Jove
Visualize
Contact Us
JoVE
x logofacebook logolinkedin logoyoutube logo
ABOUT JoVE
OverviewLeadershipBlogJoVE Help Center
AUTHORS
Publishing ProcessEditorial BoardScope & PoliciesPeer ReviewFAQSubmit
LIBRARIANS
TestimonialsSubscriptionsAccessResourcesLibrary Advisory BoardFAQ
RESEARCH
JoVE JournalMethods CollectionsJoVE Encyclopedia of ExperimentsArchive
EDUCATION
JoVE CoreJoVE BusinessJoVE Science EducationJoVE Lab ManualFaculty Resource CenterFaculty Site
Terms & Conditions of Use
Privacy Policy
Policies

Related Experiment Videos

Selective Influence and Response Time Cumulative Distribution Functions in Serial-Parallel Task Networks.

Schweickert1, Giorgini, Dzhafarov

  • 1Purdue University

Journal of Mathematical Psychology
|January 3, 2001
PubMed
Summary
This summary is machine-generated.

Related Concept Videos

You might also read

Related Articles

Articles linked to this work by shared authors, journal, and citation graph.

Sort by
Same author

Radio science results during the NEAR-shoemaker spacecraft rendezvous with eros

Science (New York, N.Y.)·2000
Same author

Radar observations of asteroid 216 kleopatra

Science (New York, N.Y.)·2000
Same author

Double Skew-Dual Scaling: A Conjoint Scaling of Two Sets of Objects Related by a Dominance Matrix.

Journal of mathematical psychology·1999
Same author

Radar and optical observations of asteroid 1998 KY26

Science (New York, N.Y.)·1999
Same author

Estimating the mass of asteroid 433 eros during the NEAR spacecraft flyby

Science (New York, N.Y.)·1999
Same author

Conditionally Selective Dependence of Random Variables on External Factors.

Journal of mathematical psychology·1999

Analyzing mental process networks using cumulative distribution functions reveals task structures.
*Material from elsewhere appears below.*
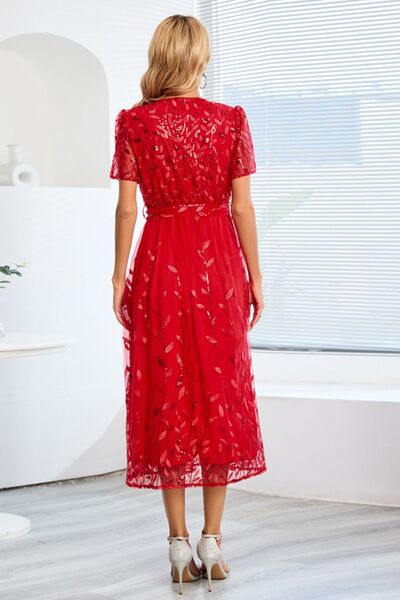 Sequin Leaf Embroidery Tie Front Short Sleeve Dress Trendsi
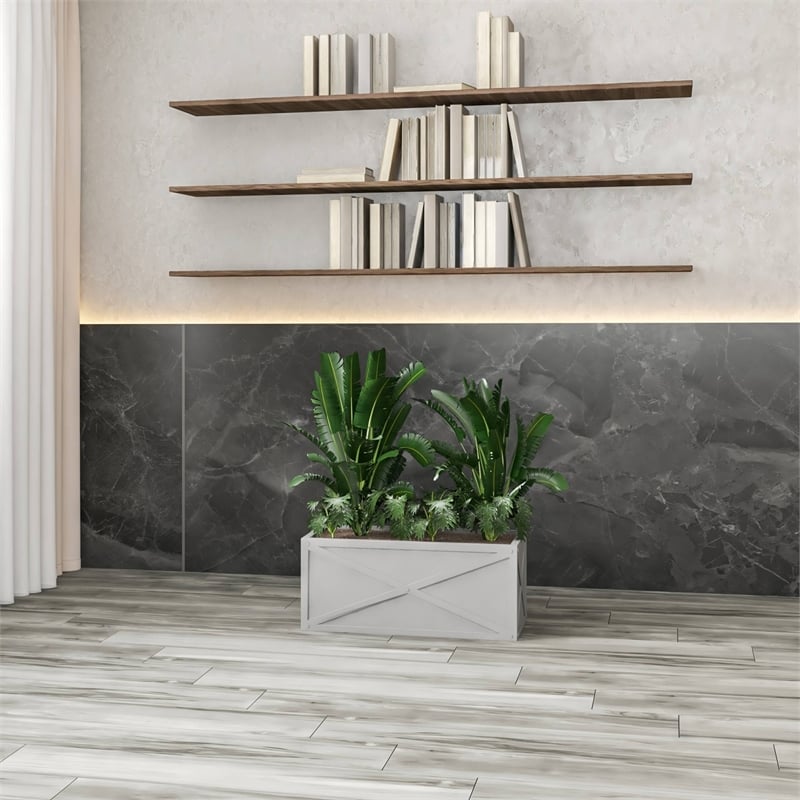 LeisureMod Bonsai Indoor and Outdoor Rectangular Fiberglass Planter Box Gray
This method distinguishes sequential from concurrent processes and identifies AND/OR gates in directed acyclic networks, offering richer insights than mean response times.

Area of Science:

  • Cognitive psychology
  • Computational neuroscience
  • Mathematical psychology

Background:

  • Mental processes can be concurrent or sequential, forming complex networks.
  • Previous research primarily analyzed mean response times to infer process order.
  • Understanding these networks is crucial for cognitive modeling.

Purpose of the Study:

  • To extend the analysis of mental process networks beyond mean response times.
  • To investigate the utility of cumulative distribution functions (CDFs) for network analysis.
  • To differentiate between sequential and concurrent processes and identify network gate types (AND/OR) in serial-parallel networks.

Main Methods:

  • Analysis of mental processes within directed acyclic networks (DAGs).
  • Utilizing cumulative distribution functions (CDFs) of response times.

Related Experiment Videos

  • Selective manipulation of individual process durations.
  • Focusing on serial-parallel network structures.
  • Main Results:

    • Patterns in CDFs can distinguish between sequential and concurrent mental processes.
    • CDFs effectively identify the presence of AND or OR gates in task networks.
    • The CDF approach provides more detailed information than traditional mean response time analyses.
    • Existing findings based on mean response times are derivable from the CDF method.

    Conclusions:

    • Cumulative distribution functions offer a more powerful tool for analyzing mental process networks.
    • This method enhances the understanding of cognitive architecture and process interactions.
    • The findings have implications for cognitive modeling and experimental design.